● **Your instructions**: All the records that follow need to be reproduced exactly. Omit the images.
= = =
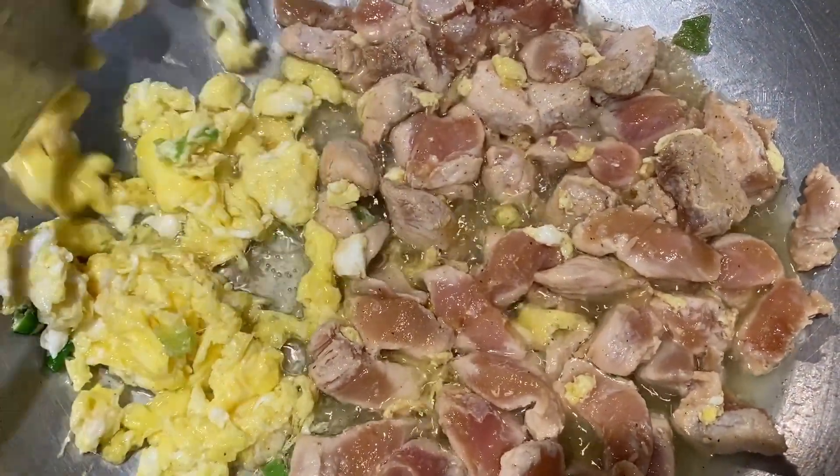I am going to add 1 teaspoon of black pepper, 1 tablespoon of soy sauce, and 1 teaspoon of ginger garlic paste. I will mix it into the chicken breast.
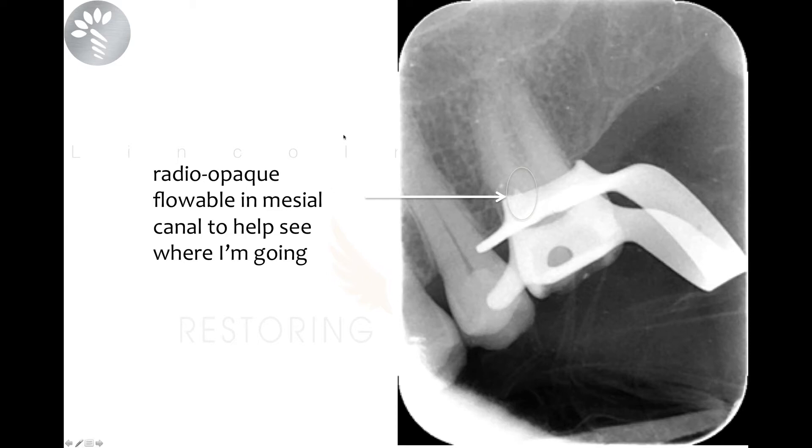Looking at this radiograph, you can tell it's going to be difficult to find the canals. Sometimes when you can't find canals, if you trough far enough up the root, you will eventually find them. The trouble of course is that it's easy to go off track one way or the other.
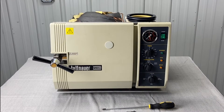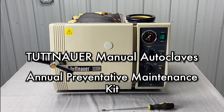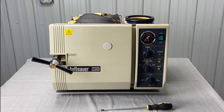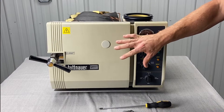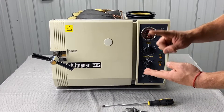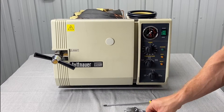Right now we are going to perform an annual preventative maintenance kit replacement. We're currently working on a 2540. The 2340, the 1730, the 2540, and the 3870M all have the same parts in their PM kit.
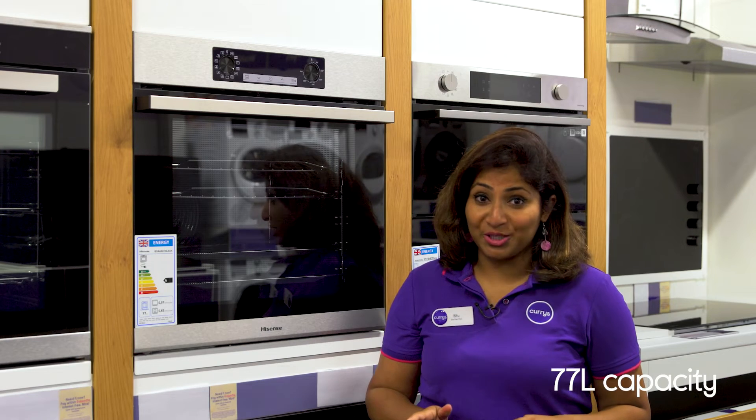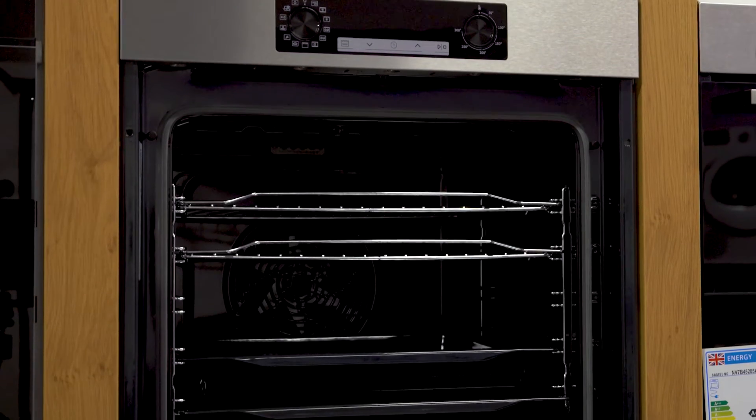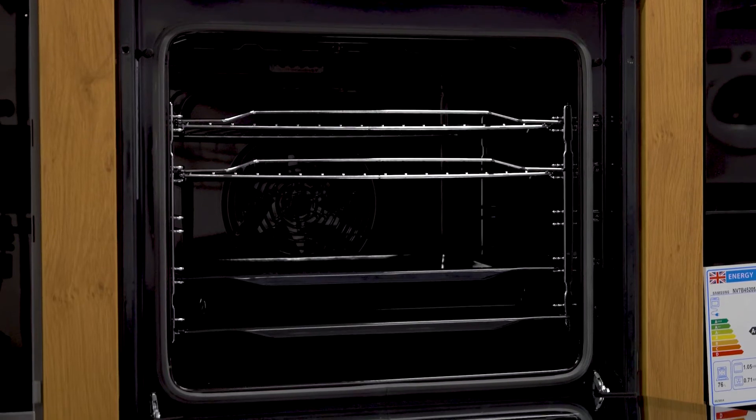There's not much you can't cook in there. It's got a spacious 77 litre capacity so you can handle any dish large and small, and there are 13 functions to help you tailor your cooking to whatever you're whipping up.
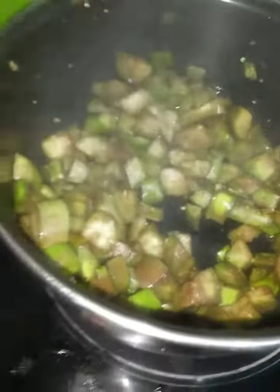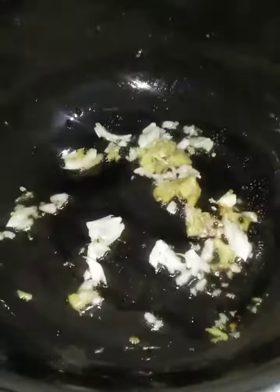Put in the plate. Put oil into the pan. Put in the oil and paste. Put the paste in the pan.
= = =
● **Answer space**:
I am going to add 1 teaspoon of black pepper, 1 tablespoon of soy sauce, and 1 teaspoon of ginger garlic paste. I will mix it into the chicken breast.
Looking at this radiograph, you can tell it's going to be difficult to find the canals. Sometimes when you can't find canals, if you trough far enough up the root, you will eventually find them. The trouble of course is that it's easy to go off track one way or the other.
Right now we are going to perform an annual preventative maintenance kit replacement. We're currently working on a 2540. The 2340, the 1730, the 2540, and the 3870M all have the same parts in their PM kit.
There's not much you can't cook in there. It's got a spacious 77 litre capacity so you can handle any dish large and small, and there are 13 functions to help you tailor your cooking to whatever you're whipping up.
Put in the plate. Put oil into the pan. Put in the oil and paste. Put the paste in the pan.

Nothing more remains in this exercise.